In (17), \(p_{d_j} \in (0,1)\) is the confidence of the joint detection \(d_j\) as probability. We obtain this directly from the score maps inferred by the CPM as \(p_{d_j} = \mathrm {f}_{\tau }(s^j_T(\mathbf {x}_{d_j}))\), where
$$\begin{aligned} \mathrm {f}_{\tau }(s) = {\left\{ \begin{array}{ll} s &{} \text {if} \quad s \ge \tau \\ 0 &{} \text {otherwise,} \end{array}\right. } \end{aligned}$$
(21)
and \(\tau \) is a threshold that suppresses detections with a low confidence score.
In (18), \(p_{{d_j}{d'_{j'}}} \in (0,1)\) corresponds to the conditional probability that the detection \(d_j\) of joint type j and the detection \(d'_{j'}\) of joint type \(j'\) belong to the same person. For \( j = j' \), it is the probability that both detections \(d_j\) and \(d'_{j'}\) belong to the same body joint. For \(j \ne j'\), it measures the compatibility between two detection candidates of different joint types. Similar to [2], we obtain these probabilities by learning discriminative models based on appearance and spatial features of the detection candidates. For \(j = j'\), we define a feature vector
$$\begin{aligned} f_{{d_j}{d'_{j'}}} = \{\bigtriangleup \mathbf {x}, \exp (\bigtriangleup \mathbf {x}), (\bigtriangleup \mathbf {x})^2\}, \end{aligned}$$
(22)
where \(\bigtriangleup \mathbf {x} = (\bigtriangleup u, \bigtriangleup v)\) is the 2D offset between the locations \(\mathbf {x}_{d_j}\) and \(\mathbf {x}_{d'_{j'}}\).

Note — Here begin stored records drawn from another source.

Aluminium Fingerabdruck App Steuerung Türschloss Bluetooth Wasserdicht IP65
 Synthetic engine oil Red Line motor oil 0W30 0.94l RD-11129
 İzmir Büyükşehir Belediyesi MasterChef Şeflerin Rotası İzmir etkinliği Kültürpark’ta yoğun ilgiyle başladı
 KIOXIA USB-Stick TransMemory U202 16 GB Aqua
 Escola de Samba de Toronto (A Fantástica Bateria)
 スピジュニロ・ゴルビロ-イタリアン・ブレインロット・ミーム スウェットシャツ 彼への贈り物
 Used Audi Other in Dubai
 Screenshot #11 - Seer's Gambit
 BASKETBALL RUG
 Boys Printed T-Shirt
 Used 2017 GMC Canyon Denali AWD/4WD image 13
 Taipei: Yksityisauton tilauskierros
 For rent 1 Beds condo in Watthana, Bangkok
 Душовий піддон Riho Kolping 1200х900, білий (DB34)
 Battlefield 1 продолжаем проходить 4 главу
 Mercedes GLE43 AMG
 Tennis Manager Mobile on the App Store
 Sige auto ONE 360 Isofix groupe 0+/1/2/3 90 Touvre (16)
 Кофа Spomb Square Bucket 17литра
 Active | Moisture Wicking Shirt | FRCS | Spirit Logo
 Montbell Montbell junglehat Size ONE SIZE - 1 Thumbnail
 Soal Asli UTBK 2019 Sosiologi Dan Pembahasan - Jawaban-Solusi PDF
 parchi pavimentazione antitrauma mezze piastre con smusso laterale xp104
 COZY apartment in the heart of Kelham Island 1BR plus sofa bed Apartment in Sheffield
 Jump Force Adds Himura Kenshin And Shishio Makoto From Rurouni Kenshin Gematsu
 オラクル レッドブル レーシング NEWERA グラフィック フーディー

For \(j \ne j'\), we define a separate feature vector based on the spatial locations as well as the appearance features obtained from the joint detectors as
$$\begin{aligned} f_{{d_j}{d'_{j'}}} = \{\bigtriangleup \mathbf {x}, ||\bigtriangleup \mathbf {x}||, \arctan \left( \dfrac{\bigtriangleup v }{\bigtriangleup u}\right) , \mathbf {s}_{T}(\mathbf {x}_{d_j}), \mathbf {s}_{T}(\mathbf {x}_{{d'}_{j'}}) \}, \end{aligned}$$
(23)
where \(\mathbf {s}_{T}(\mathbf {x})\) is a vector containing the confidences of all joints and the background at location \(\mathbf {x}\). For both cases, we gather positive and negative samples from the annotated poses in the training data and train an SVM with RBF kernel using LibSVM [30] for each pair \(jj' \in \left( {\begin{array}{c}J\\ 2\end{array}}\right) \). In order to obtain the probabilities \(p_{{d_j}{d'_{j'}}} \in (0,1)\) we use Platt scaling [31] to normalize the output of the SVMs to probabilities. After optimizing (13), the pose of the primary person is given by the detections with \(x_{d_j}=1\).